The authors investigate the impact of BEV spatial resolution on model performance by comparing different downsampling strategies against direct coarse querying. The results indicate that downsampling from a high-resolution feature map provides a superior balance between geometric accuracy and semantic understanding compared to other configurations. Specifically, moderate downsampling preserves essential structural details while avoiding the information loss associated with direct coarse queries or excessive compression. Downsampling from fine-grained features significantly outperforms direct coarse querying in future scene generation tasks. Excessive downsampling creates an information bottleneck that degrades both generation and understanding metrics. The configuration with moderate downsampling achieves the optimal trade-off, yielding the best generation accuracy and competitive understanding scores.
The authors evaluate the generalization capability of HERMES++ on the NuScenes-QA dataset for 3D spatial perception. The results demonstrate that the proposed framework achieves state-of-the-art performance, outperforming both generalist vision-language models and specialized LiDAR-based methods. HERMES++ achieves the highest accuracy among all compared methods. The camera-based approach outperforms LiDAR-based specialist models. The method significantly improves over other camera-based baselines.

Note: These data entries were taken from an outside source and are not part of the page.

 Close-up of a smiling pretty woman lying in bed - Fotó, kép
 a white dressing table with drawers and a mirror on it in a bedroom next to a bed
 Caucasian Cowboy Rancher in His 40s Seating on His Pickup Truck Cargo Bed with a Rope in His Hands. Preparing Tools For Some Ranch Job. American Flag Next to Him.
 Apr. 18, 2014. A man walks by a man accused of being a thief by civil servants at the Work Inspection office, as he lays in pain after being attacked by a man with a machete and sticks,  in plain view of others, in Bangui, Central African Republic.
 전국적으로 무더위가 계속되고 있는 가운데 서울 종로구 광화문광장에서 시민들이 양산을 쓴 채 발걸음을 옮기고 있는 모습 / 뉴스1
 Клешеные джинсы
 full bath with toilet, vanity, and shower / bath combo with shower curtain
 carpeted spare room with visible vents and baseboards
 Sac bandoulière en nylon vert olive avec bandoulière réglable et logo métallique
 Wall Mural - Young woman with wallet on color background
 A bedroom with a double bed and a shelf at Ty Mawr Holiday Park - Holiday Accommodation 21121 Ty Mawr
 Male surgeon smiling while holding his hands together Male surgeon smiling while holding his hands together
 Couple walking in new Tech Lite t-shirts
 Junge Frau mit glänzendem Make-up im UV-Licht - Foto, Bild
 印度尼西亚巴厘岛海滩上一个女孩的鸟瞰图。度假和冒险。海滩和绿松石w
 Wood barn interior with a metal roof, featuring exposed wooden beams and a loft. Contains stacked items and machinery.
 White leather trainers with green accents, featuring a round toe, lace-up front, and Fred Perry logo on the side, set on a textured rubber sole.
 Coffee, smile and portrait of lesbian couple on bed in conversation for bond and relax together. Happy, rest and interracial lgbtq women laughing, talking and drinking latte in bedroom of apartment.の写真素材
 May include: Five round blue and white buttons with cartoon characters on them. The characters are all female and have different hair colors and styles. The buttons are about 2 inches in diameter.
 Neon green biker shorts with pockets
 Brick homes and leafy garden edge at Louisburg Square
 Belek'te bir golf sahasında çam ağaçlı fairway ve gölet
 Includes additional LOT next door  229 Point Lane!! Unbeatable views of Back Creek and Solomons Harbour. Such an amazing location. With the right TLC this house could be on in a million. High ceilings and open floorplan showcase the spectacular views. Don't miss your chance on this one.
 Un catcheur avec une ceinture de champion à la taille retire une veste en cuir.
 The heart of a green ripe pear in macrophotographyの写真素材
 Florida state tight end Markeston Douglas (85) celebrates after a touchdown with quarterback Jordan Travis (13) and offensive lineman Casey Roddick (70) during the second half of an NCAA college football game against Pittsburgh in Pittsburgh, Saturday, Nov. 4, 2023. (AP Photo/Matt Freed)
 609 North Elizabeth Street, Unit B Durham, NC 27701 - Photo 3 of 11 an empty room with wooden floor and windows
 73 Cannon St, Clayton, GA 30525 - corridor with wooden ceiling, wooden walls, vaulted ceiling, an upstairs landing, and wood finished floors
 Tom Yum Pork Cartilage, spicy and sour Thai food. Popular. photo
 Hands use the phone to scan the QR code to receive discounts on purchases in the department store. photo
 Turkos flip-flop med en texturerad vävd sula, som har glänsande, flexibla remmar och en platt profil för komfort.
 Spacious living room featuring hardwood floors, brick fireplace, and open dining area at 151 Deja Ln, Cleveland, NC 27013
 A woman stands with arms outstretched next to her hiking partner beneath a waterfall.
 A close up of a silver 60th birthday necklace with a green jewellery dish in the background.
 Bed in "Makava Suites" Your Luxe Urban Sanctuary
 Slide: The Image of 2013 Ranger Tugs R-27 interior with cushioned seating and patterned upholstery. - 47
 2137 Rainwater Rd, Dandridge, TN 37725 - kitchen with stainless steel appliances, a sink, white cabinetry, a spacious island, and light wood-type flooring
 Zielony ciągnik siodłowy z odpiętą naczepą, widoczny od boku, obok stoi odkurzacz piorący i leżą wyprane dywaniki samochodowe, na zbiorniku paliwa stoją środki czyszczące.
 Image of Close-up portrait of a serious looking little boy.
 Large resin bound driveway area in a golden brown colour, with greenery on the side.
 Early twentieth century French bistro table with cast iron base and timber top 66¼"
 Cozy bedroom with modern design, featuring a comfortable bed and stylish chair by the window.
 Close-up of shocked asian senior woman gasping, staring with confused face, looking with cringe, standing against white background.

The authors validate the HERMES++ framework through experiments on backbone selection, query integration, task unification, and spatial resolution. Comparative analysis reveals that the InternVL2 backbone and a fully unified approach processing world queries directly through the LLM yield superior performance compared to separated baselines. Additionally, optimizing BEV resolution via moderate downsampling and demonstrating state-of-the-art performance on the NuScenes-QA dataset confirms the model's robustness and generalization capabilities.